Каждый вечер, при свете лампы, я перелистывал мою старинную библию, и сон, чудесный детский сон, непреодолимый, как желание, окутывал меня, еще полного священных образов, теплой сладостной мглой. Патриархи, апостолы, дамы в гипюровых воротниках продолжали жить в моих сновидениях сверхъестественной жизнью. Моя библия превратилась для меня в бесспорную реальность, и я пытался включить в нее вселенную.
Вселенная простиралась для меня всего лишь до пределов набережной Малакэ, где я увидел свет, как говорит кроткая дева из Альбы[5]. С упоением вдыхал я воздух, овевающий эту область красоты и славы: Тюильри, Лувр, дворец Мазарини. Когда мне было пять лет, я еще плохо знал ту часть света, которая лежала позади Лувра, на правом берегу Сены. Левый берег я знал лучше, ибо жил там. Я доходил до конца улицы Малых Августинцев и был уверен, что вселенная кончается тут.
Ныне улицу Малых Августинцев переименовали в улицу Бонапарта. Но в ту пору, когда она замыкала для меня всю вселенную, я видел, что с этой стороны края бездны охраняет чудовищный кабан и четыре каменных великана в ниспадающих до полу одеждах, — они сидели с книгой в руке под кровлей открытой беседки вокруг наполненного водой бассейна среди равнины, окаймленной деревьями, а неподалеку возвышалась огромная церковь. Вы меня не понимаете? Не знаете, о чем я говорю? Увы! Прожив позорную жизнь, несчастный кабан дома Бальи давно издох. Новые поколения не видели его, обреченного сносить поношения школьников. Не видели, как он лежал, полузакрыв глаза, безропотно покоряясь судьбе. Он жил когда то на углу улицы Бонапарта в сарае, окрашенном в желтый цвет и расписанном фресками, на которых изображены были фургоны, запряженные серыми в яблоках битюгами, — а теперь на этом месте высится пятиэтажный дом. И когда я прохожу мимо фонтана на площади св. Сульпиция, то четыре каменных великана уже не внушают мне мистического ужаса. Мне, как и прочим, известны их имена, их дарования, их история: это Боссюэ, Фенелон, Флешье и Массильон[6].

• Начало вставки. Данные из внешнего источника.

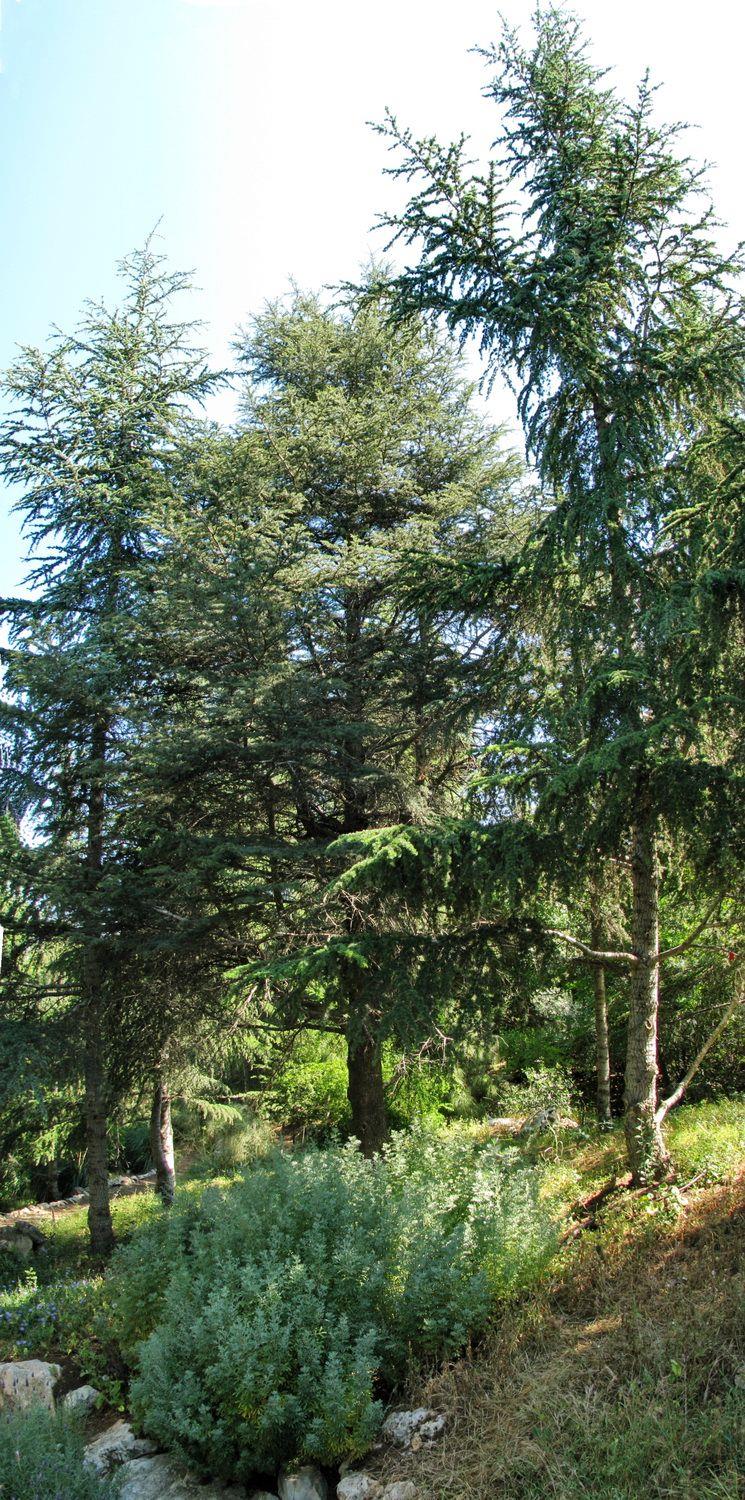Cedrus atlantica - Atlas Cedar, ארז אטלנטי, ארז אטלנטי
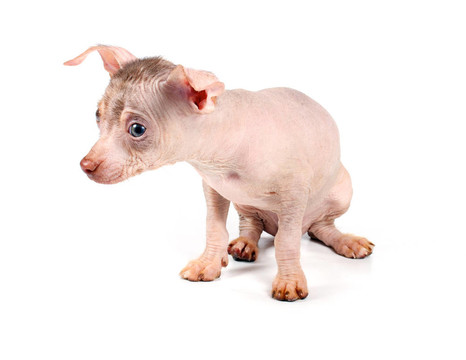 中國冠毛犬幼犬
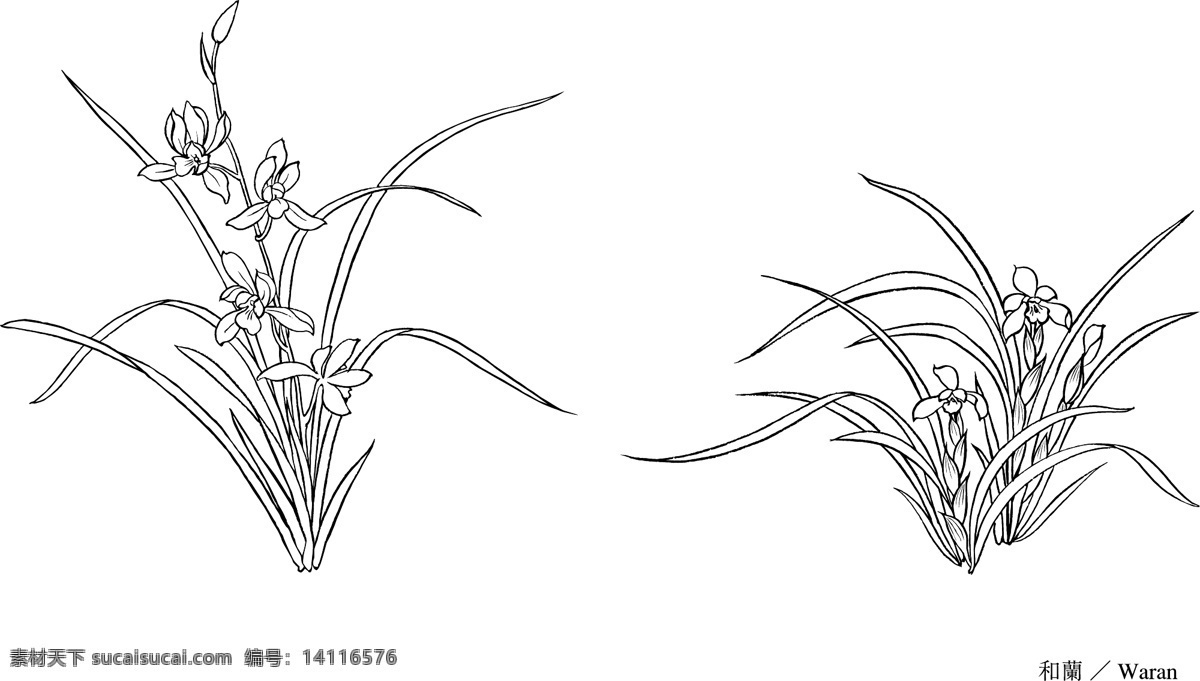 线描花朵 兰花 树叶 绿叶 叶子 流水背景 曲线背景 线条背景 流体背景 流体线条 几何背景 底纹背景 图案背景 花纹背景 线条植物 线描植物 线条花朵 花朵 花卉 矢量花朵 卡通花朵 手绘花朵 花朵插画 矢量花卉 卡通花卉 花卉插画 花草插画 花 生物世界 花草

С западной стороны я тоже доходил до края вселенной. Взрытые высоты Шайо, холм Трокадеро, в ту пору еще не тронутый, поросший белой диванкой и душистой мятой, были для меня действительно пределом вселенной, краями той бездны, где увидишь только нагого человека, передвигающегося прыжками, человека-рыбу и человека без головы, у которого лицо помещается на груди. Близ моста, замыкавшего с этой стороны вселенную, набережные были такие сумрачные, серые, пыльные, редко проезжали экипажи, немного попадалось и пешеходов. Там и сям, облокотившись о перила, стояли солдаты, строгали палочку и глядели, как течет река. У подножья римского всадника, на правом углу Марсова поля, старуха, притулившись у парапета набережной, продавала яблочные пирожки и лакричную воду. Графин с этим напитком она затыкала лимонной коркой. Пыль и безмолвие реяли надо всем. Ныне Иенский мост соединяет между собой новые кварталы. Он утратил сумрачный, угрюмый облик, отличавший его в пору моего детства. Пыль, которую ветер вздымает теперь на мостовой, — уже не прежняя пыль. Римский всадник наблюдает теперь новые лица и новые нравы, — это не печалит его: он каменный.

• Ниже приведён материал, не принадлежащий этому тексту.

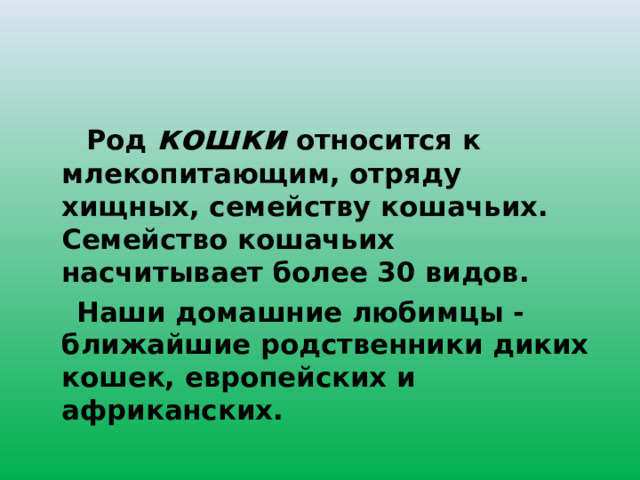  Род кошки относится к млекопитающим, отряду хищных, семейству кошачьих.  Семейство кошачьих насчитывает более 30 видов.  Наши домашние любимцы - ближайшие родственники диких кошек, европейских и африканских. 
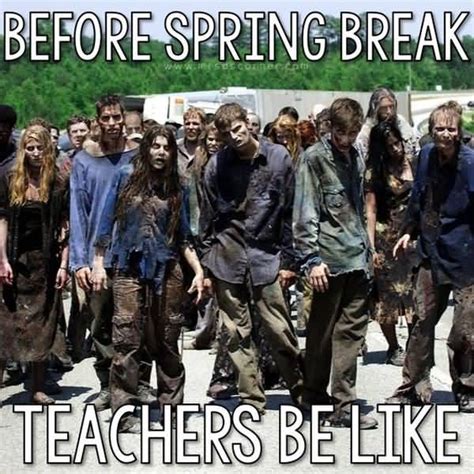 Amusing Teacher Spring Break Meme Joke Quotesbae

Но лучше всего я знал и больше всего любил берега Сены. Моя старая няня Нанетта ежедневно водила меня туда гулять. Я видел там Ноев ковчег, такой же как в моей библии с картинками. Ведь я твердо был уверен, что плавучая купальня с ее пальмами, над которыми, непонятно откуда, вился черный дымок, не что иное, как бывший ковчег, теперь не бывает потопа, поэтому его переделали в купальню.
С восточной стороны находился Ботанический сад, где я не раз бывал, и Аустерлицкий мост, — тут был конец пути. Даже наиболее отважные исследователи природы в конце концов достигают определенного рубежа, преступить который они не в силах. Дальше Аустерлицкого моста я идти не мог. Мои ножки были малы, а ноги моей няни Нанетты стары, и, вопреки моей и ее любознательности, как нам ни нравились наши прекрасные прогулки, мы всегда вынуждены бывали присаживаться на скамью под деревом, откуда виден был мост, и около него — торговка яблочными нантерскими пирожками. Нанетта ростом была не намного выше меня. Это была святая женщина в ситцевом платье с разводами и в чепце с плоёной оборкой. Вероятно, ее представление о вселенной было столь же наивно, как то, которое я составил себе, живя бок о бок с нею. Мы болтали очень непринужденно. Правда, она никогда не слушала меня. Но в этом не было никакой необходимости. Ее ответы были всегда кстати. Мы нежно любили друг друга.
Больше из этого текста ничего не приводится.